Karpuz değiliz!
16 Nisan’da sandıktan çıkan sonucun yüzde 50 sınırına yakın olması (yüzde 51.41 Evet, yüzde 48.49 Hayır) Türkiye’de siyaseti ve sosyolojiyi takip eden çevreleri endişelendirmiş. “Karpuz gibi...
16 Nisan’da sandıktan çıkan sonucun yüzde 50 sınırına yakın olması (yüzde 51.41 Evet, yüzde 48.49 Hayır) Türkiye’de siyaseti ve sosyolojiyi takip eden çevreleri endişelendirmiş.
“Karpuz gibi ortadan ikiye ayrıldık”diyor, ayrışma kötü sonuçlar doğuracak, siyasi gerilim ve toplumsal kamplaşma iç huzuru bozacak diye yakınıyorlar. “Bu sonuç Türkiye’yi iç savaş senaryolarına hazır hale getirir” gibi kötücül gelecek okuması yapanlar bile var.

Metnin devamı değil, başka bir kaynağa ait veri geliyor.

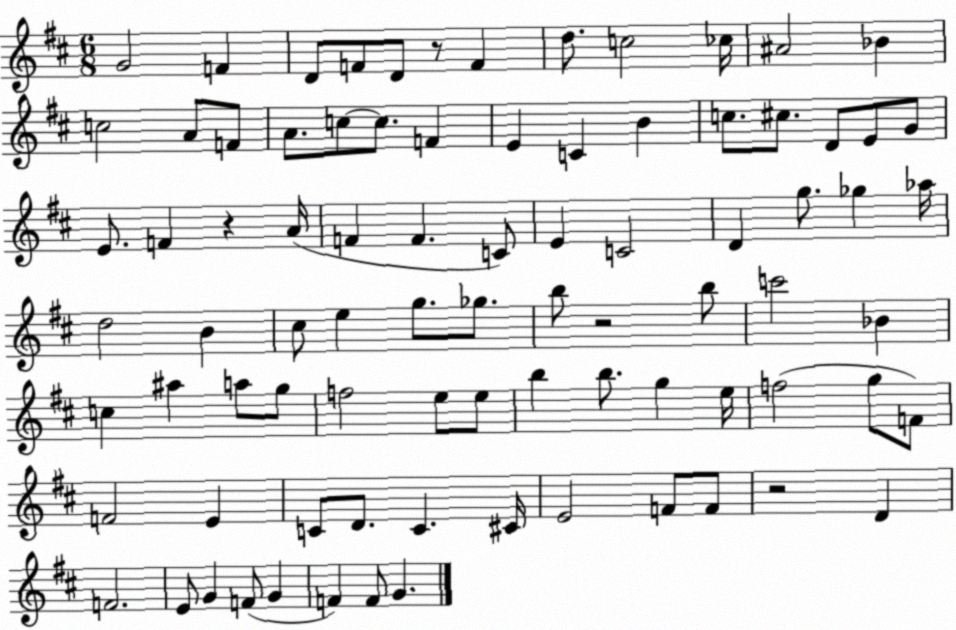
X:1
T:Untitled
M:6/8
L:1/4
K:D
G2 F D/2 F/2 D/2 z/2 F d/2 c2 _c/4 ^A2 _B c2 A/2 F/2 A/2 c/2 c/2 F E C B c/2 ^c/2 D/2 E/2 G/2 E/2 F z A/4 F F C/2 E C2 D g/2 _g _a/4 d2 B ^c/2 e g/2 _g/2 b/2 z2 b/2 c'2 _B c ^a a/2 g/2 f2 e/2 e/2 b b/2 g e/4 f2 g/2 F/2 F2 E C/2 D/2 C ^C/4 E2 F/2 F/2 z2 D F2 E/2 G F/2 G F F/2 G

Kendilerine hiç katılmıyorum!
Bir kere biz karpuz değiliz!
Sosyoloji böyle çalışmaz çünkü. Bir konuda farklı seçenekleri seçtik diye kimse birbirine düşman olmaz. Arkadaşlığını, komşuluğunu, evliliğini bitirmez, nişan atmaz. İnsanlar seçim sürecinde ve sonrasında bir müddet çay sohbetlerinde, ev oturmalarında, kantin ya da kahve muhabbetlerinde kendi görüşünü dillendirip diğerininkini eleştirir, belki arada bir tatlı atışmalar yaşanır ama o kadar. Zaman ilerleyip oylanan değişim hayata geçtikçe espri konusu olmak dışında işlevselliği kalmaz o konunun. Hayat geleceğe odaklıdır çünkü.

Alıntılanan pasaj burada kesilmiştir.